== Provided material ==
-=-=-=-=-

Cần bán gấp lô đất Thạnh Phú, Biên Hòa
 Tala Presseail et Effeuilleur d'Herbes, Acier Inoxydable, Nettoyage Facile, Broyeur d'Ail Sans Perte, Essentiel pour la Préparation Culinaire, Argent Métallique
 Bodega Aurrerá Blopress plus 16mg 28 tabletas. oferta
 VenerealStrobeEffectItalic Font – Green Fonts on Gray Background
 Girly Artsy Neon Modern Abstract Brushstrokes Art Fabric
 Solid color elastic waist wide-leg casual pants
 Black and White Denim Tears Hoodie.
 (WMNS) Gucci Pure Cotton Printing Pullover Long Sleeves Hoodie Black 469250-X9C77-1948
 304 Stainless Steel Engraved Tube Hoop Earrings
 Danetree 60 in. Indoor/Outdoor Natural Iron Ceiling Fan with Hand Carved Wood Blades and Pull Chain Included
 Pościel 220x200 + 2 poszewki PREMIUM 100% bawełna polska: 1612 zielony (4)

-=-=-=-=-

Copy every record exactly, with nothing added or dropped.

Cần bán gấp lô đất Thạnh Phú, Biên Hòa
 Tala Presseail et Effeuilleur d'Herbes, Acier Inoxydable, Nettoyage Facile, Broyeur d'Ail Sans Perte, Essentiel pour la Préparation Culinaire, Argent Métallique
 Bodega Aurrerá Blopress plus 16mg 28 tabletas. oferta
 VenerealStrobeEffectItalic Font – Green Fonts on Gray Background
 Girly Artsy Neon Modern Abstract Brushstrokes Art Fabric
 Solid color elastic waist wide-leg casual pants
 Black and White Denim Tears Hoodie.
 (WMNS) Gucci Pure Cotton Printing Pullover Long Sleeves Hoodie Black 469250-X9C77-1948
 304 Stainless Steel Engraved Tube Hoop Earrings
 Danetree 60 in. Indoor/Outdoor Natural Iron Ceiling Fan with Hand Carved Wood Blades and Pull Chain Included
 Pościel 220x200 + 2 poszewki PREMIUM 100% bawełna polska: 1612 zielony (4)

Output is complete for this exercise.